◆ MATERIAL PROVIDED
********************

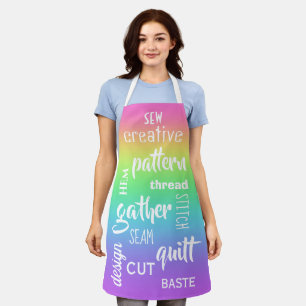 Delantal Palabras de coser Gradiente Arcoiris Apron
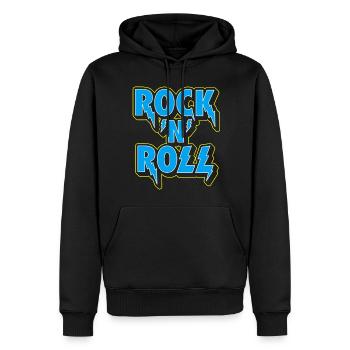 Rock 'n' Roll typografisches 3D-Logo - Männer Premium Bio Hoodie - Schwarz - Vorne - Nico (187cm)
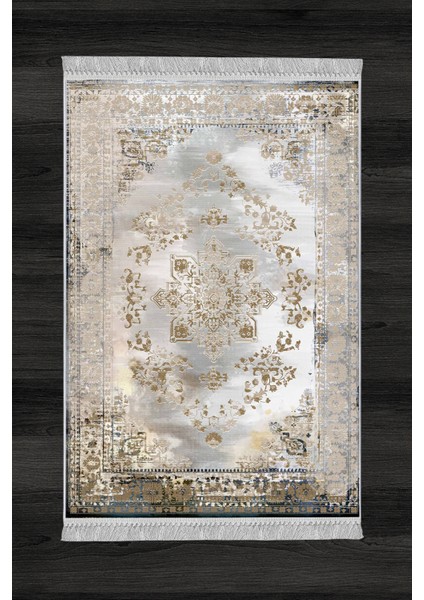 Artızon Halı ART-099 Beyaz Taban Dekoratif Kilim Ince Yıkanabilir Süngerli Dot Taban Salon Halısı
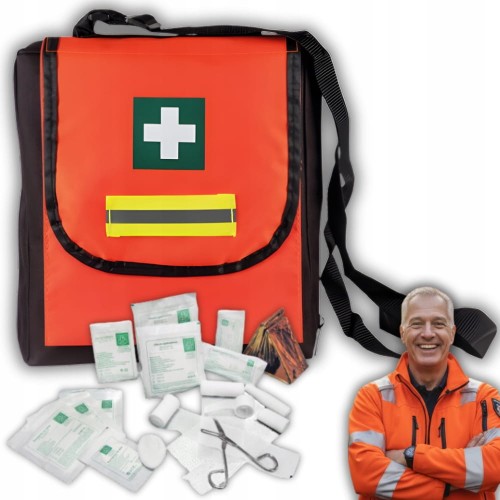 Apteczka Pierwszej Pomocy Turystyczna Przenośna Torba DIN 13164 Ustnik Koc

********************

◆ TASK PROMPT
What you output must be exactly the lines from the line with "Rock 'n' Roll" through the last line of the listing, pictures excluded.

◆ RESULT OF THIS TASK
 Rock 'n' Roll typografisches 3D-Logo - Männer Premium Bio Hoodie - Schwarz - Vorne - Nico (187cm)
 Artızon Halı ART-099 Beyaz Taban Dekoratif Kilim Ince Yıkanabilir Süngerli Dot Taban Salon Halısı
 Apteczka Pierwszej Pomocy Turystyczna Przenośna Torba DIN 13164 Ustnik Koc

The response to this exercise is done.